• new york sehrinin ozellikle downtown bolgesini, simdi de gittikce brooklyni dolduran, londra, paris gibi dinamik sanat scenei olan sehirlerde de eminim belli bolgeleri dolduran, belki de sehrin kanalizasyonunda gezinen farelerle sayica rekabet edebilecek yukseklikte bir sayida, zamani gelince gerilmis elektrik telleri gibi sehrin havasini gerim gerim geren insan tipi.

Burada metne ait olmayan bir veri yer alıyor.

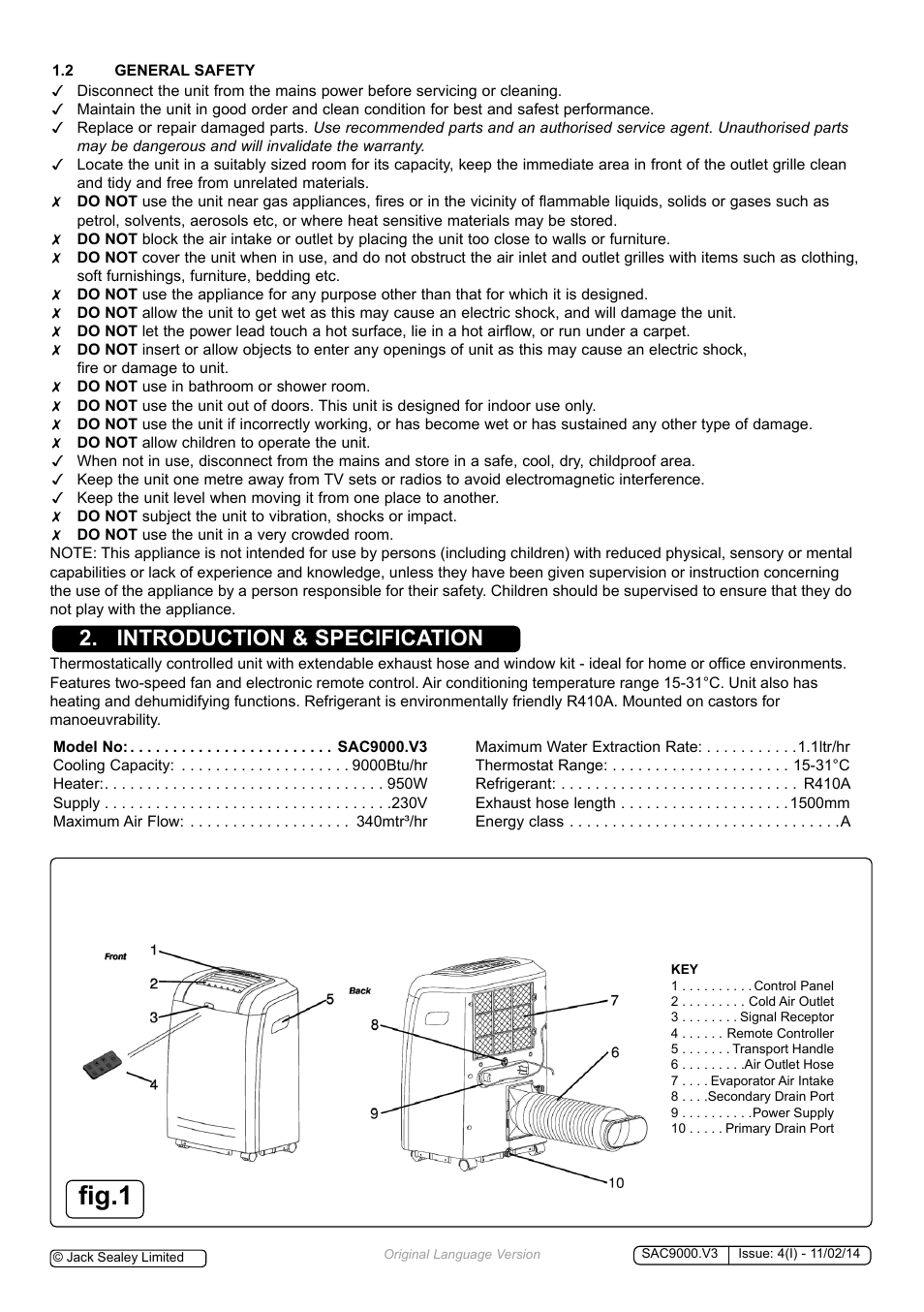 Fig.1, Introduction & specification | Sealey SAC9000 User Manual | Page 2 / 7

    bu insanlar her ne kadar bahsi gecen sehirlerin tadi tuzu rolunu hickimselere kaptirmadan goturseler de, belli belirsiz bir rekabet ve pesimizm yayarlar bulunduklari yerlere. dusunun ortalikta bircok yonetmen, yazar, rock star, senarist, ressam olmayi bekleyen piril piril, bazilari digerlerinden daha piril piril yetenekler, ya istemedikleri islerde calisip, ya da hic calismadan kafelerde oturup, bir yandan da bu rekabetin hic de kucumsenemeyecek kadar yuksek oldugu sanat ortaminda bir gun birinin yaptiklarini begenip ellerinden tutmasini beklerler. ama oyle "calis senin de olur" soyleminin belki de en gecersiz oldugu alanlardan birinde, insanin eserlerinin begenilmesinin cogu zaman o kadar raslantisal oldugu bir ortamda, isteyin de olmasin, pesimist bir hava! bir girdiginizde icine ne bu gri bulutlu havayi solumaktan vazgecebilirsiniz, ne yasadikca huzunlenmekten. tadi tuzu ama iste, andy warholundan tutun unlu yazar spike jonzea, hepsi gecmis bu yoldan, bu parasizca etrafta kosusturup geceleri eserlerinin begeni gordugu galerilerin ya da sinema salonlarinin hayalini gormekten.